Monday, November 25, 2002
DOT 106-02
Contact: Dave Longo
Telephone: 202-366-0456
U.S. Transportation Secretary Norman Y. Mineta today announced that Joseph M. Clapp, administrator of the Federal Motor Carrier Safety Administration (FMCSA), will leave the U.S. Department of Transportation next month. President Bush appointed Clapp the first administrator of the FMCSA on Oct. 4, 2001.
"Joe
Clapp has been an outstanding member of our team at DOT. As the leader of the
FMCSA, he brought considerable private-sector experience to bear on a number of
key issues facing the industry at a critical time in our Nation's history, and I
am deeply grateful for his contributions,” Secretary Mineta said.
"I truly appreciate the service Joe has so generously given the
country, and while we will miss his counsel, I know he is looking forward to
resuming the retirement he was enjoying before his call to service.”
Secretary
Mineta also announced that Annette M. Sandberg, who has served as deputy
administrator of the Department’s National Highway Traffic Safety
Administration since Feb. 11, 2002, is FMCSA’s deputy administrator, effective
today.
“Annette
Sandberg brings vast experience and savvy to a job that will continue to be
challenging,” Secretary Mineta said. “The
leadership she demonstrated in NHTSA helped improve highway safety in this
country and now we are asking her to help reduce truck-related fatalities.”
Clapp
had retired in 1995 after serving as chairman of Roadway Services, Inc., Akron,
Ohio.
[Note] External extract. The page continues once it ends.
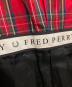 FRED PERRYの古着・服飾アイテム：4000円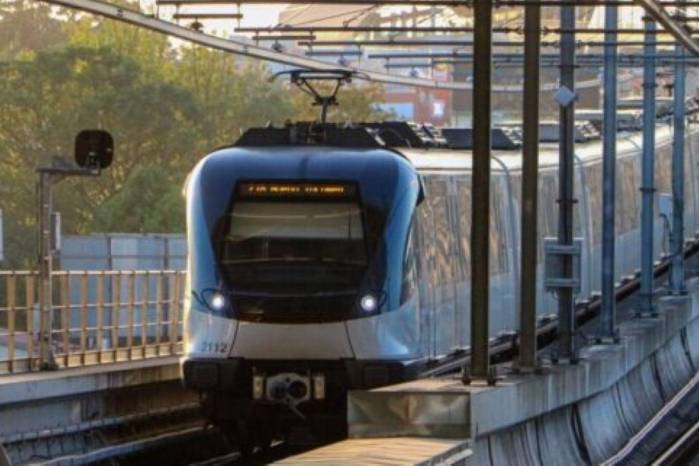 El Metro de Panamá investiga un incidente de ciberseguridad que no afectó la operación de los trenes.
Roadway Services was at the
time a $5 billion-firm in the transportation and logistics business operating
through subsidiary companies. These
companies employed more than 60,000 people at over 1,000 facilities worldwide.
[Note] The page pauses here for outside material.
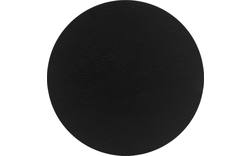 Goossens salontafel bo zwart eiken - 8202419-01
Since his appointment at FMCSA, Clapp focused on meeting transportation safety requirements for implementing the truck and bus provisions of the North American Free Trade Agreement (NAFTA). The Bush administration is committed to opening the U.S. southern border for Mexican truck and bus operations and ensuring that qualified Mexican-domiciled motor vehicles operate safely in the United States.
Under Clapp’s leadership in preparing for the border
opening, FMCSA met or exceeded 22 different safety requirements set out in the
Fiscal Year 2002 Transportation and Related Agencies Appropriations Act.
These requirements included hiring,
training and placing 274 safety personnel along the border, establishing new
inspection facilities, and creating a strict safety regimen.
Regulations published while Clapp was administrator included important
rules specified in the Motor Carrier Safety Improvement Act of 1999.
Among them is a final rule that strengthened the licensing requirements and sanctions
in the commercial driver's license (CDL) program. Another rule established a new safety audit process for U.S.
and Canadian motor carriers entering the market after Jan. 1, 2003.
As the FMCSA administrator, Clapp emphasized that motor carrier managers
have a personal responsibility to operate with extraordinary regard for the
safety of those with whom they share the road.
He challenged FCMSA employees to see each of the thousands of carrier
contacts they make each year as an opportunity to bring about positive change so
that people and their loved ones “get home safely tonight.”
Sandberg was the chief of the Washington State Patrol for six years and is a nationally recognized expert on law enforcement and traffic safety. She spent more than 17 years in law enforcement, supervisory and administrative posts – some of which included responsibility for motor carrier safety– with the Washington State Patrol.
Sandberg has a law degree from the University of Puget Sound School of Law and earned an MBA from City University, Bellevue, WA, graduating magna cum laude.